Comme le dit Bernard de Chartres (vers 1130-1160): « Nous sommes comme des nains juchés sur des épaules de géants. Nous voyons plus de choses et de plus éloignées que n'en voyaient les anciens, non par la pénétration de notre propre vue ou par l'élévation de notre taille, mais parce qu'ils nous soulèvent et nous exhaussent de toute leur stature gigantesque ». Bien que soutenant la thèse de l'origine chrétienne de la science, Michel Serres reconnaîtra: « Les fondateurs de fait de la science moderne se disent moins les héritiers de Copernic ou de Galilée qu'ils n'apprennent leur métier dans l'oeuvre d'Archimède ».
Les tenants d'une discontinuité, d'une « rupture épistémologique » entre la science de l'Antiquité et la science moderne considèrent que la première était plus contemplative, qualitative, spéculative, alors que la seconde serait devenue plus expérimentale, mathématique, utilitariste, visant désormais « l'allègement et l'amélioration de la condition des hommes ».

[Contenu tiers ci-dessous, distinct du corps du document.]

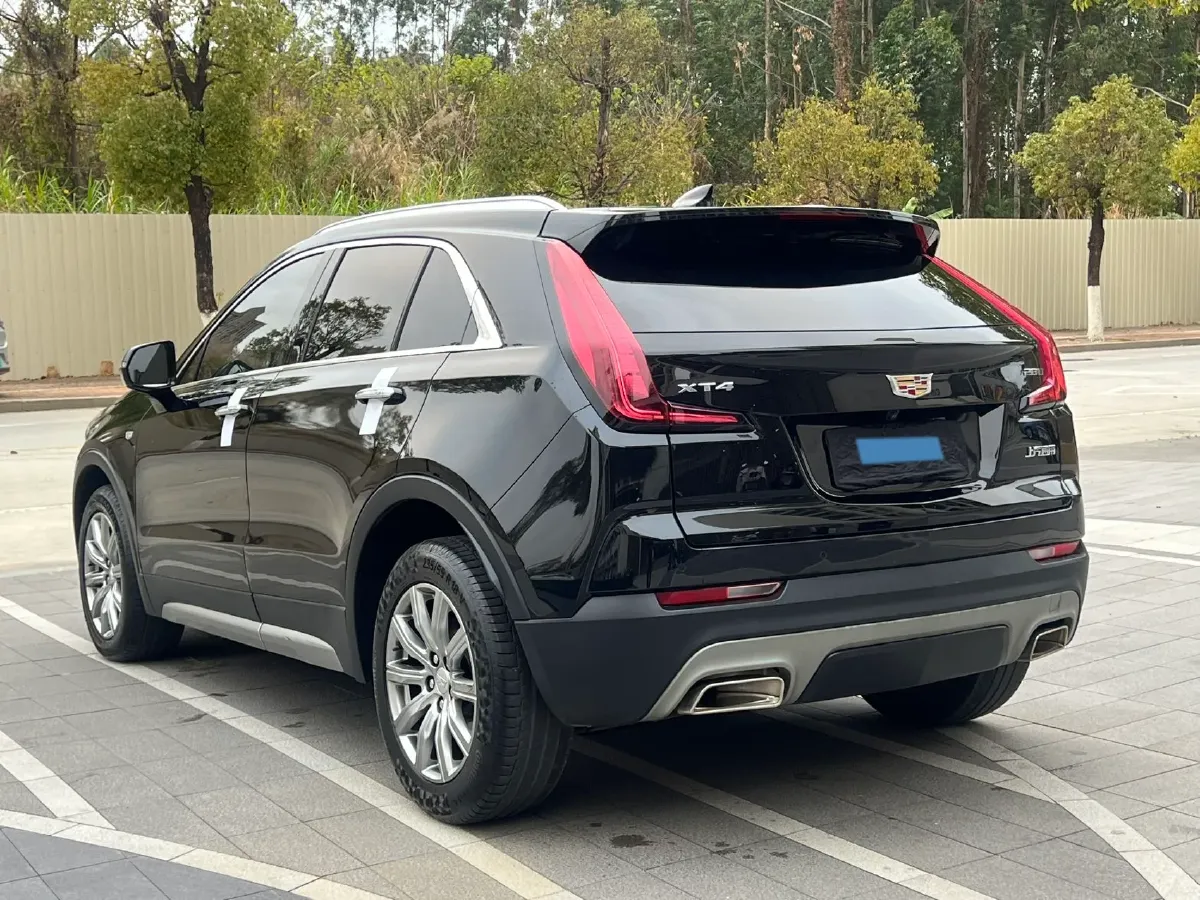 2020 Cadillac XT4 2.0T 241HP L4 9AT,autocango,china used car exporter,china ev exporter,chinese used car exporter,chinese used ev exporter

C'est pourtant depuis Euclide, Aristote, Hippocrate, Archimède et Ptolémée que la science part de l'expérience, des faits, du besoin humain immémorial de compréhension du réel. Les Grecs n'étaient pas de purs spéculateurs, mais d'abord de grands observateurs. Déjà Aristote affirmait ‒ contre Platon il est vrai ‒ que l'expérience seule témoigne de la réalité des êtres. Ératosthène (276-194) alla jusqu'à donner une approximation correcte de la circonférence de la Terre. Une définition précise de la méthode expérimentale fut développée par l'école des médecins empiriques, fondée au IIIème siècle av. J.-C. par Philinos de Cos, et dont le représentant le plus célèbre fut Ménodote de Nicomédie (fin du Ier siècle apr. J.-C./ première moitié du deuxième). Mais qui dit expérience dit mesure, or la technologie grecque de la mesure restait embryonnaire.
La science « moderne » a beau être dite expérimentale, l'expérience n'y est pas première mais seconde, construite pour tester une hypothèse conçue a priori, de façon « spéculative ». Si Colomb a découvert l'Amérique, c'est en testant le chemin qu'il imaginait vers les Indes. Einstein a développé sa relativité générale à partir d'expériences de pensée, et n'a pu la tester expérimentalement que bien après. La science a toujours combiné les deux approches, spéculative et observatrice. Les scientifiques ont été plutôt l'un, plutôt l'autre, suivant les individus plutôt que suivant les époques.
Quant à l'idée d'appliquer les mathématiques à la physique, elle existe chez la plupart des Grecs, de Pythagore à Archimède et Ptolémée, en passant par Platon. Prétendre comme Alexandre Kojève et Michel Serres que la physique théorique « ne pouvait être que chrétienne » semble ignorer Pythagore et Archimède, sans parler de l'étrange logique des arguments déployés ‒ l'Incarnation, la Transcendance.